But how? Erik is blocking the only exit from the room. Lord Jaeger—Bastian—is in front of the safe. I have no way out of here.
For now.
You could try telling the dragons what’s at stake.
I quell that inner voice ruthlessly. That voice sounds like hope, and she’s whispered her seductive promises to me for twenty-four years, and she’s always been wrong. Maybe this home will be the last one. Maybe these people will love me enough to become my parents. Maybe the man who’s offering me a meal wants nothing in return.
There are only two people in the world I trust. Two people whose actions have proven, beyond the shadow of a doubt, that they have my best interests at heart. Silas and Bea.

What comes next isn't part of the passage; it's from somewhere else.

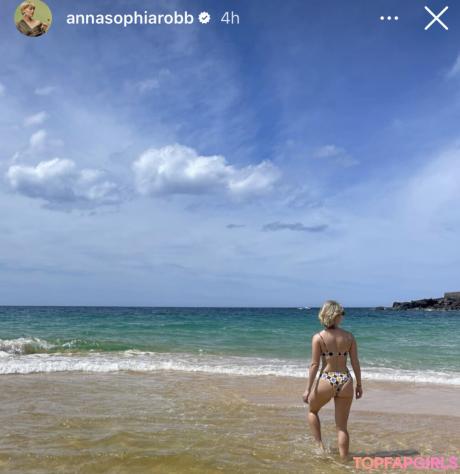 AnnaSophia nude leaked OnlyFans photo #202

So far, the dragons have given me no reason to believe that they deserve a place in that inner circle. Even Rhys, charming and flirtatious, lied to me downstairs.
Invisible threads might tug me toward them, but I’ve got to resist.

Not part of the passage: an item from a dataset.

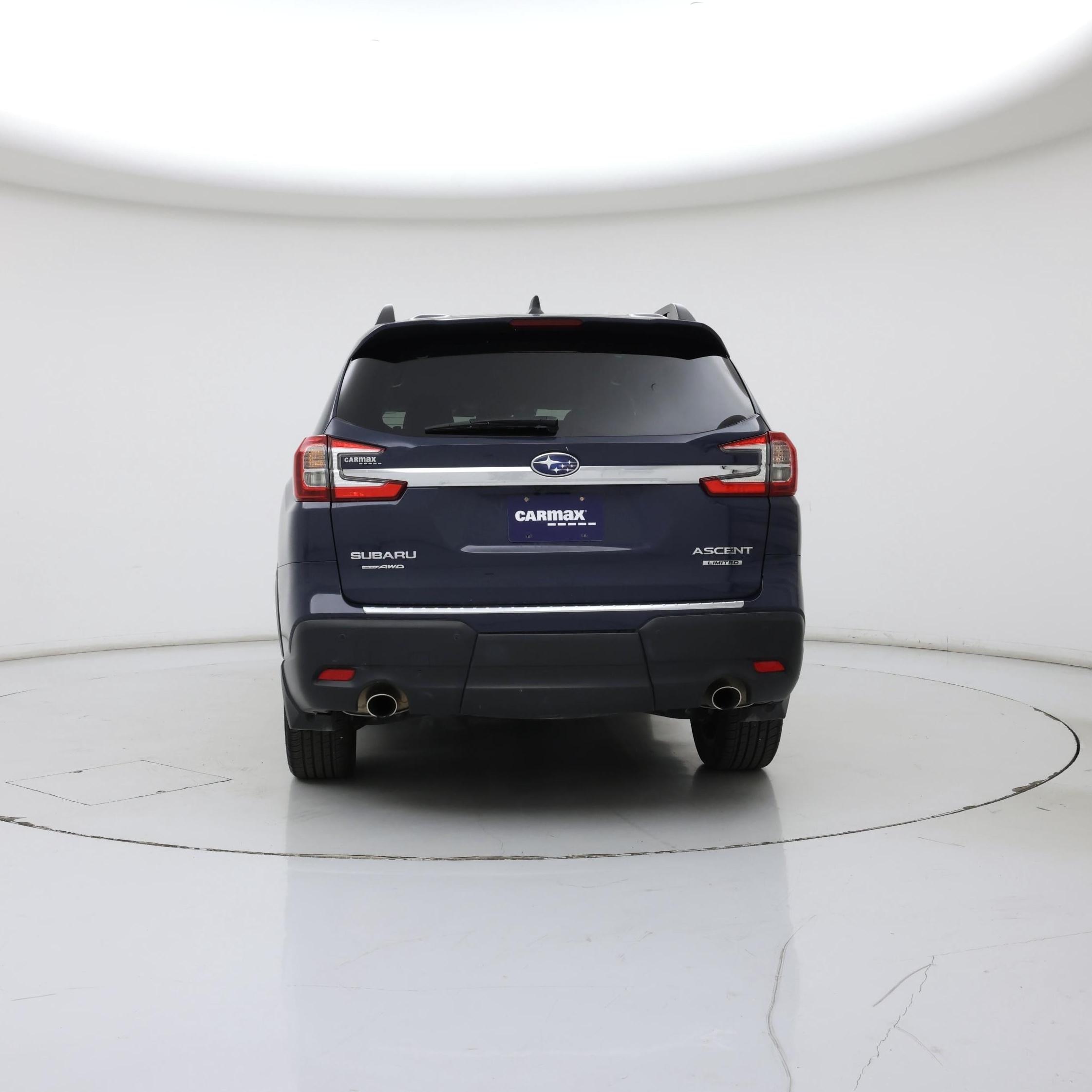 Thumbnail: 2023 Subaru Ascent - 6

I lift my chin up. “Am I your prisoner?”
Bastian Jaeger gives me a half-smile. “Of course not.”
“Great.” I pick up the backpack I dropped when I approached the safe. “Then I’ll be off.” I give them an artificially cheerful smile. Surely it can’t be this easy. “It was lovely meeting you.”
Erik snorts. Bastian seems to size me up, and his mouth curves into a full, wide smile. “I’m sorry, mausezähnchen,” he says. “We’ve looked for you too long, and I can’t risk anything happening to you.” His eyes soften, and his voice turns understanding. “You probably have no idea what’s going on,” he says. “I promise, we’ll explain everything in the morning.”
Explanations would be wonderful. It’s a pity I have no intention of sticking around to hear them. “If you’re not letting me leave,” I snap, “then it doesn’t matter how you sugar-coat it. I am your prisoner.”
Just then, my stomach rumbles, ruining the effect of my little speech. I flush. I’d been too nervous to eat all day, and now, my body is reminding me—loudly—that I’m starving.
“You’re hungry,” Casius says. “I’ll call for room service.”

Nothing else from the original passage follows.